## Collected data

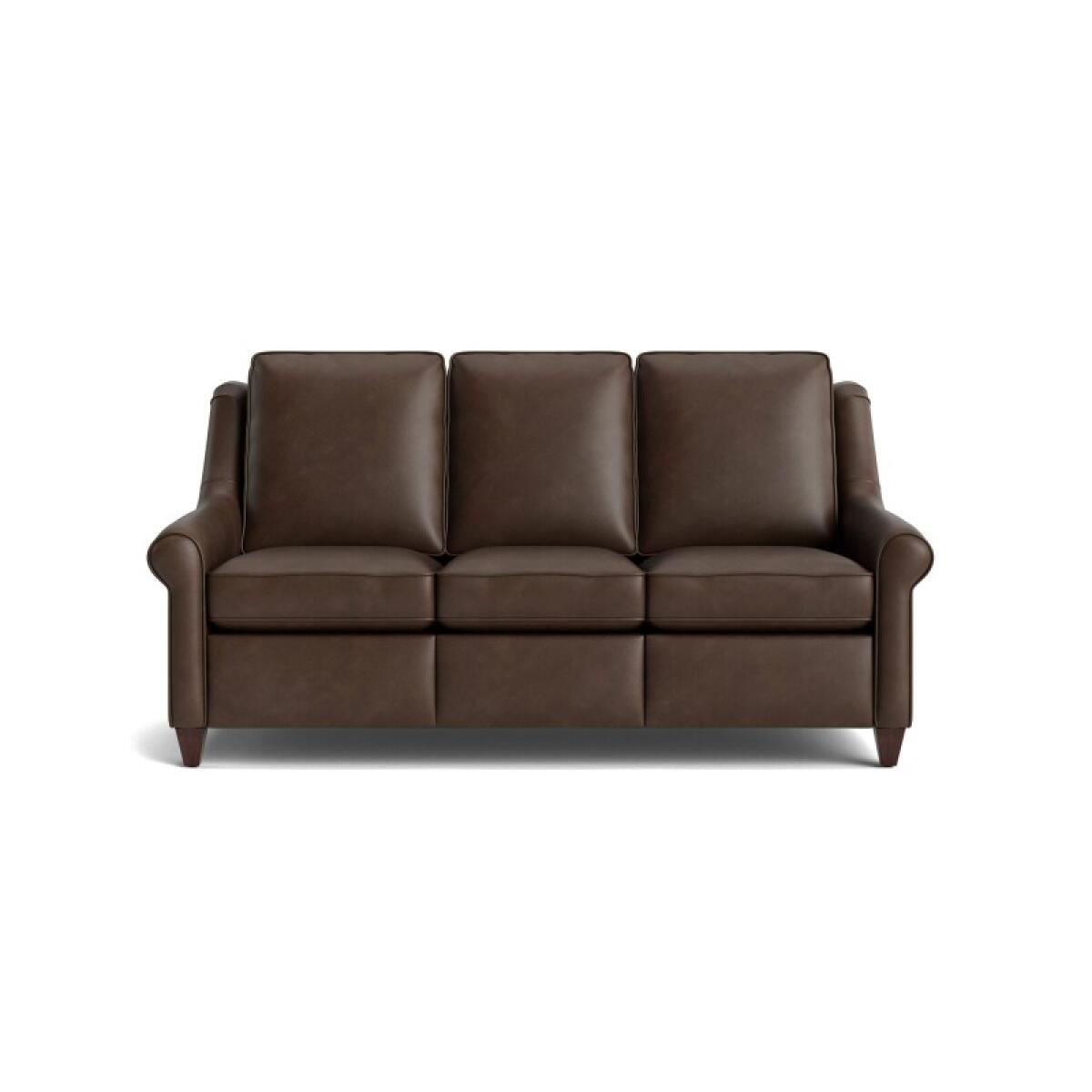 60fef34406c379749b6d466f066602f8 Magnificent Motion Leather Roll Arm Reclining Sofa - Image 1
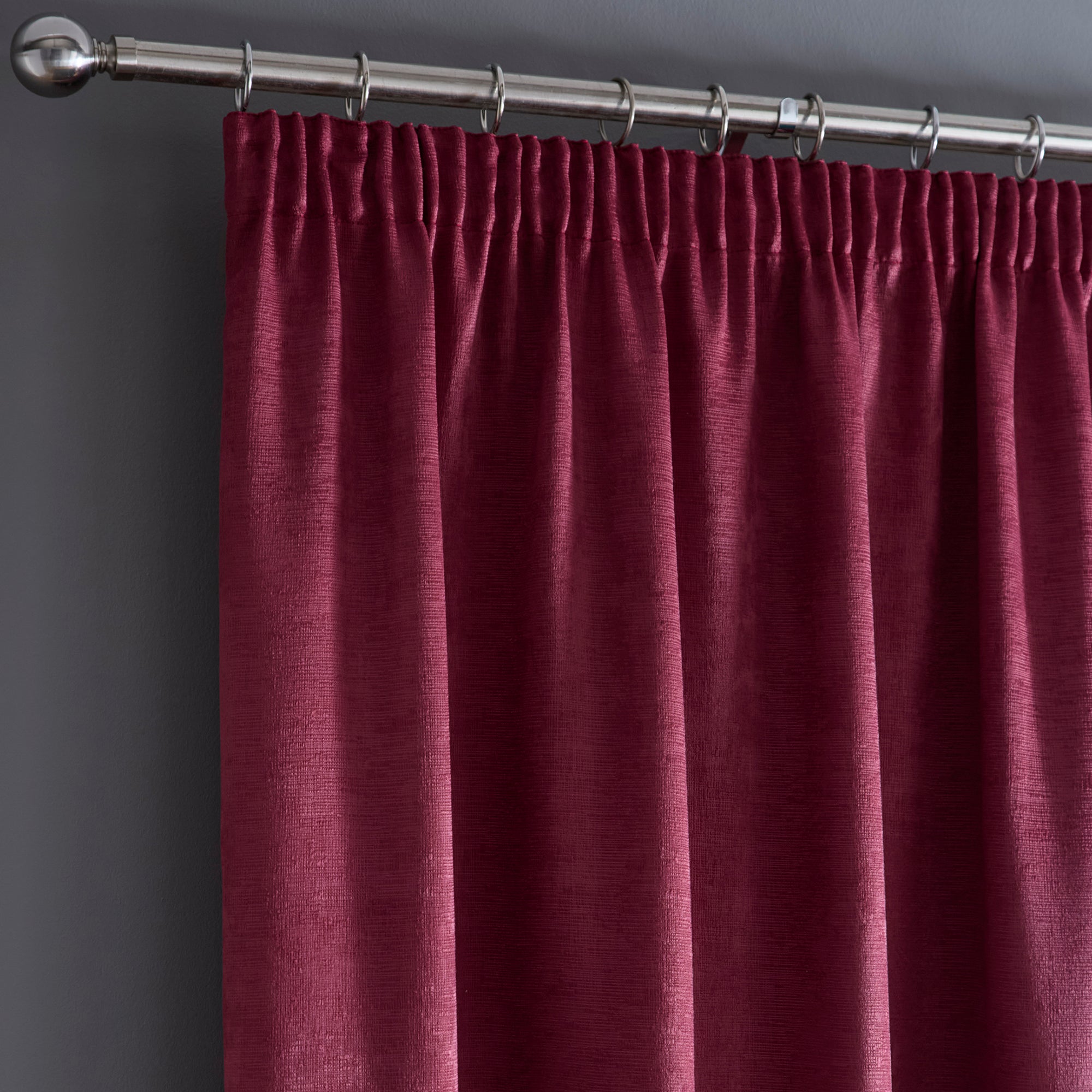 Pair of Pencil Pleat Curtains Galaxy by Fusion in Wine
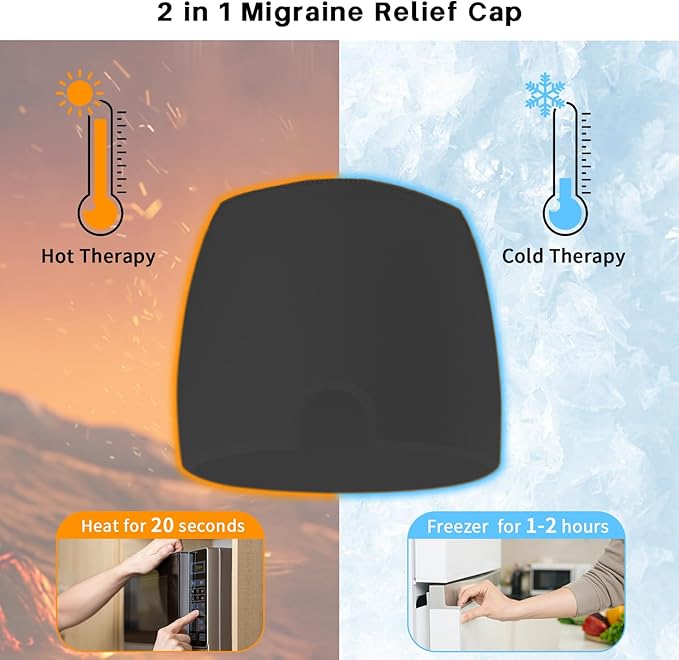 my novel things Migraine Relief Cap, Headache Relief Cap 2PCS with Gel Eye Mask, Hot Cold Therapy Ice Cap, Cooing for Head Sinus, Puffy Eyes, Tension and Stress Relief Gift Set for Men Women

## Exercise aim
Copy exactly the lines that run from the line containing "Pair of Pencil" to the end of the data, keeping both end lines and dropping every picture.

## Answer box
 Pair of Pencil Pleat Curtains Galaxy by Fusion in Wine
 my novel things Migraine Relief Cap, Headache Relief Cap 2PCS with Gel Eye Mask, Hot Cold Therapy Ice Cap, Cooing for Head Sinus, Puffy Eyes, Tension and Stress Relief Gift Set for Men Women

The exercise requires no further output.